If the number of experimental cells is too small, the experiment is re-performed with the cell suspension.

Embodiment two:

a computer storage medium having a computer program stored thereon, wherein the program when executed by a processor implements the single cell transcriptome data availability analysis method according to embodiment one.

Embodiment III:

a terminal device comprising a memory, a processor and a computer program stored on the memory and executable on the processor, wherein the processor implements the single cell transcriptome data availability analysis method according to embodiment one of the present invention when executing the computer program.

It will be evident to those skilled in the art that the invention is not limited to the details of the foregoing illustrative embodiments, and that the present invention may be embodied in other specific forms without departing from the spirit or essential characteristics thereof.

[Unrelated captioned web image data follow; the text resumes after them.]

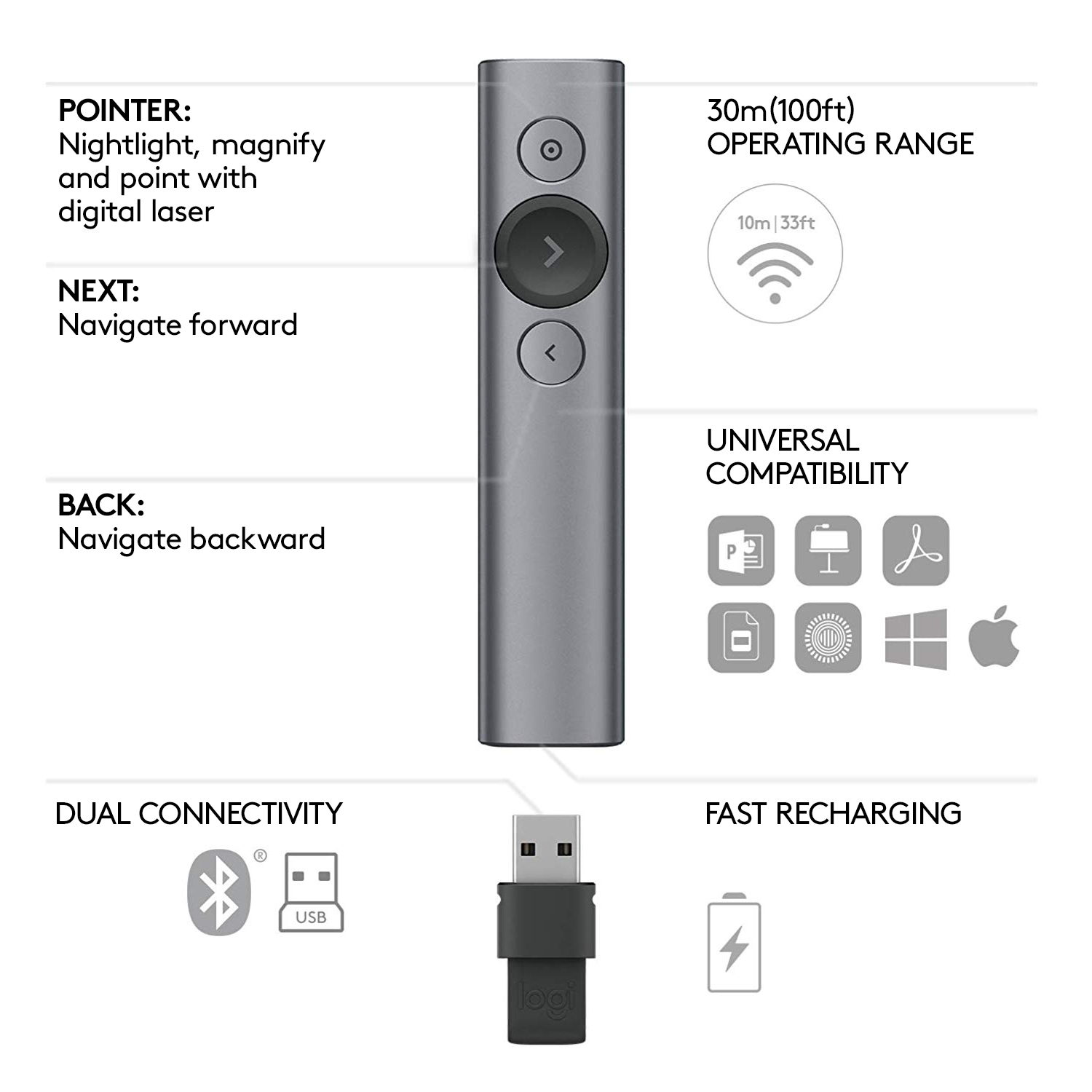 Logitech Spotlight Wireless Presentation Remote, 2.4 GHz and Bluetooth, USB-Receiver, Digital Laser Pointer, 30-Meter Operating Range, Dual Connectivity, Timer, PC/Mac/Android/iOS - Slate. 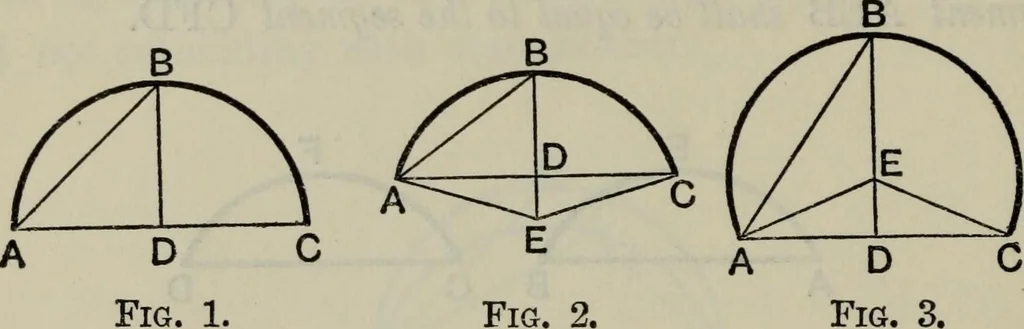 An illustration from The elements of Euclid for the use of schools and colleges; comprising the first six books and portions of the eleventh and twelfth books;, 1903, leaf 164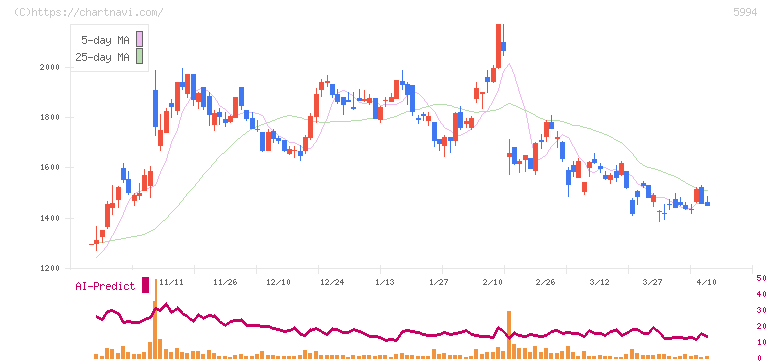 ファインシンター(5994)の日足チャート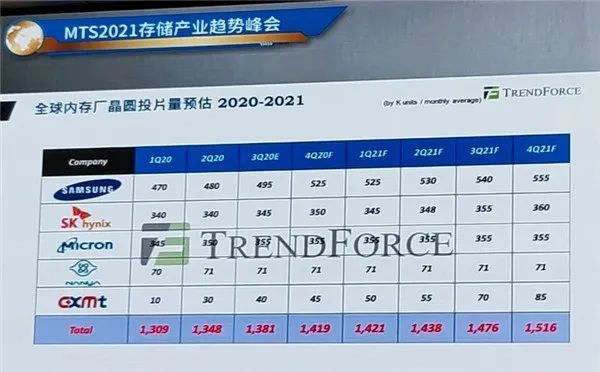 长鑫何时推出 DDR5 内存？科技革新之路面临诸多难关  第4张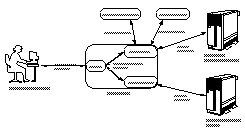 Willow Architecture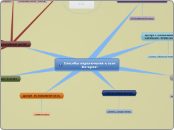 Способы подключения к сети Интер...- Мыслительная карта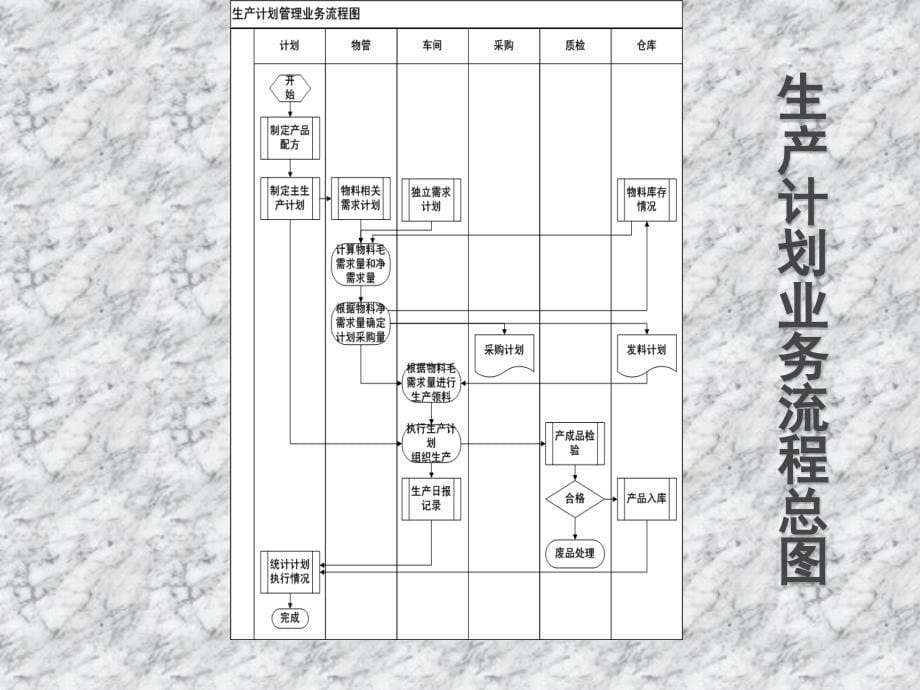 《企业资源管理(ERP)实训教程》教学课件—01生产计划_第5页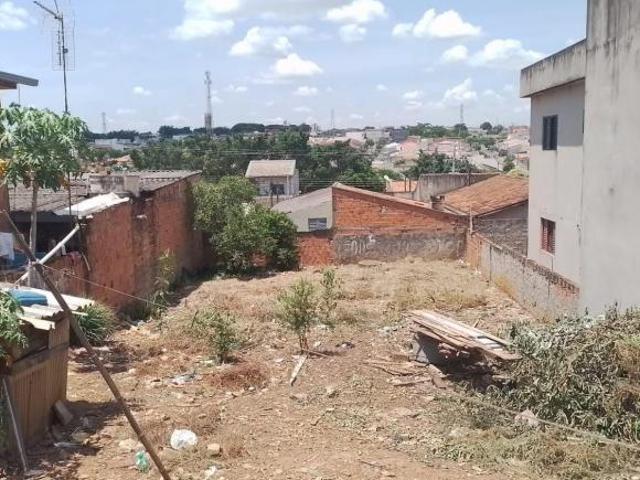 Terreno venda em Região Imediata de Campinas, Região Metropolitana de Campinas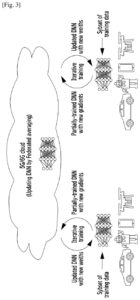 Patent drawing: Samsung Patents a System for Moving AI Learning Data Efficiently Across Wireless Networks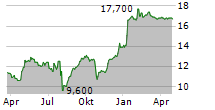 FUJITSU GENERAL LIMITED Chart 1 Jahr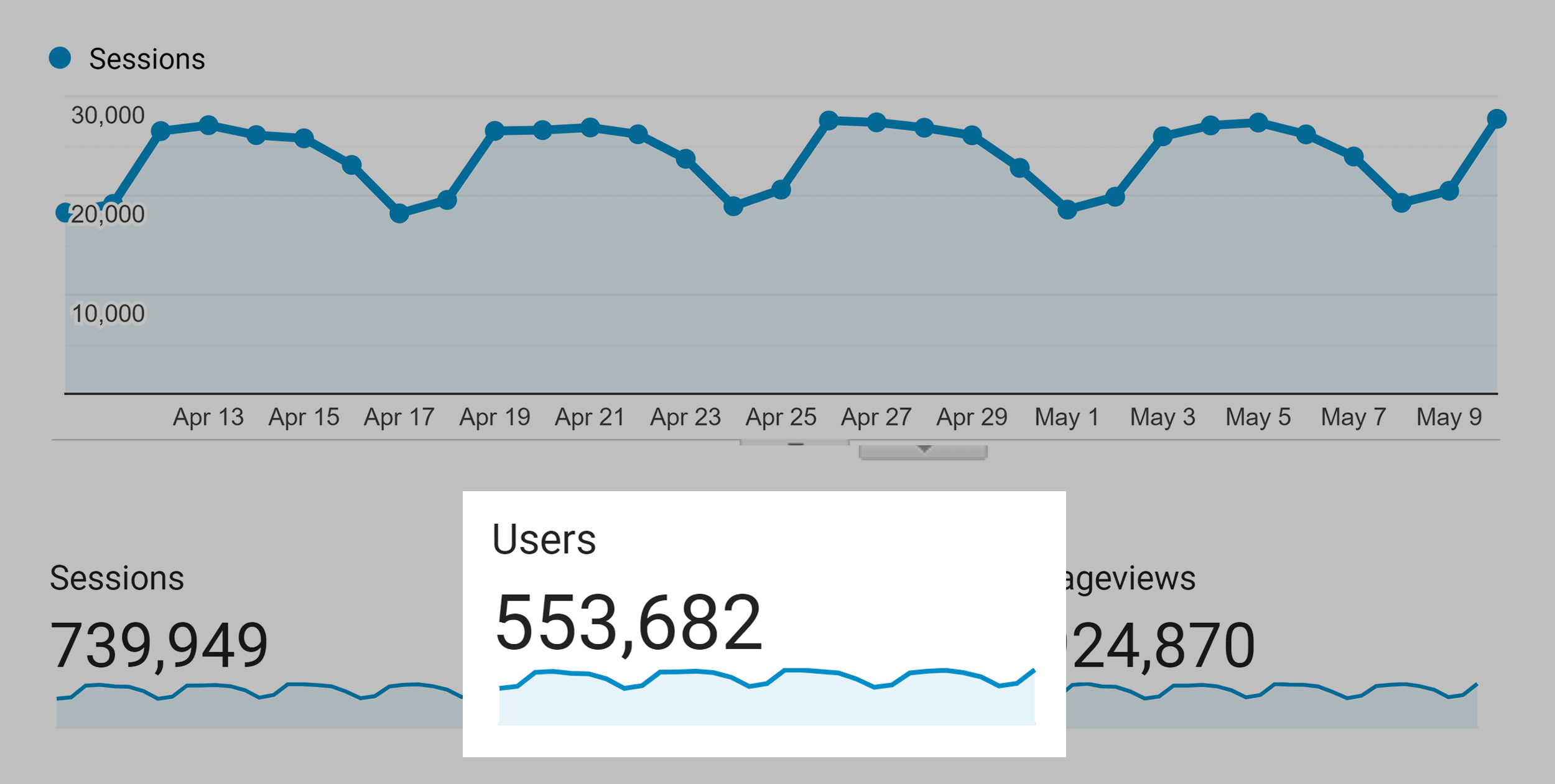 Backlinko monthly users – April 2021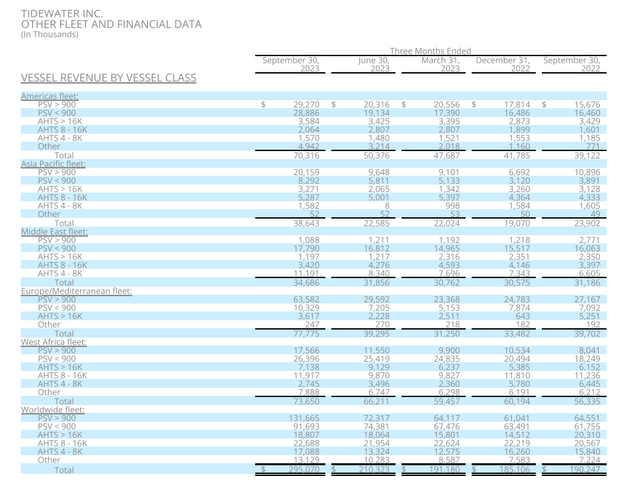 Revenue by vessel class and region of operations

The present embodiments are, therefore, to be considered in all respects as illustrative and not restrictive, the scope of the invention being indicated by the appended claims rather than by the foregoing description, and all changes which come within the meaning and range of equivalency of the claims are therefore intended to be embraced therein.

Claims

1. A single cell transcriptome data availability processing method, comprising the steps of:

s1, sequencing barcode according to the gene expression quantity from large to small, and endowing rank R _n At the same time, rank R of barcode _n And gene expression level C _UMI Log is performed ₁₀ Processing;

s5, extracting expression profiles of all barcode in a cell area;

s7, judging that sample data is available when the gene expression quantity corresponding to at least one inflection point is larger than G1, the gene expression quantity corresponding to at least 1 inflection point is larger than G2 and smaller than G1, the number of barcode in a cell area is larger than K3, the number of barcode in an empty liquid drop area is larger than K4, and the average read number of cells is larger than K6; otherwise, judging that the sample data is not available;

when the sample data is not available, further judging the reason why the sample data is not available:

when the gene expression quantity corresponding to only one inflection point is larger than G2 and the first gene quantity is larger than K1 or the second gene quantity is larger than K2, judging that the sample data is not available, wherein the oil drops are not correctly contained in the cell suspension in the experiment;

when the number of barcode in the cell area is greater than K5 and the average read number of cells is less than K6, it is determined that the sample data is not available because the number of experimental cells is excessive.

if the oil drops in the sample data do not contain the cell suspension correctly or the blocking holes are unavailable due to the experiment, the cell suspension is reused for the experiment;

2. The method for processing availability of single cell transcriptome data according to claim 1, wherein the method for solving the inflection point of the magnitude of the change in the gene expression level is as follows:

3. The method for processing availability of single cell transcriptome data according to claim 2, wherein ranking of the barcode and the gene expression level are logarithmically processed before the scattergram is drawn in S21.

4. The method for processing availability of single cell transcriptome data according to claim 1, wherein the classification method of the cell region, the empty droplet region and the magnetic bead region is as follows:

5. The method for processing availability of single cell transcriptome data according to claim 1, wherein the additional amount of sequencing data is increased by:

Gb＝(5×10 ⁴ -Read _cell )×Barc _cell

6. A computer storage medium having stored thereon a computer program, which when executed by a processor implements the single cell transcriptome data availability processing method according to any one of claims 1 to 5.

7. A terminal device comprising a memory, a processor and a computer program stored on the memory and executable on the processor, characterized in that the processor implements the single cell transcriptome data availability processing method according to any one of claims 1 to 5 when the computer program is executed by the processor.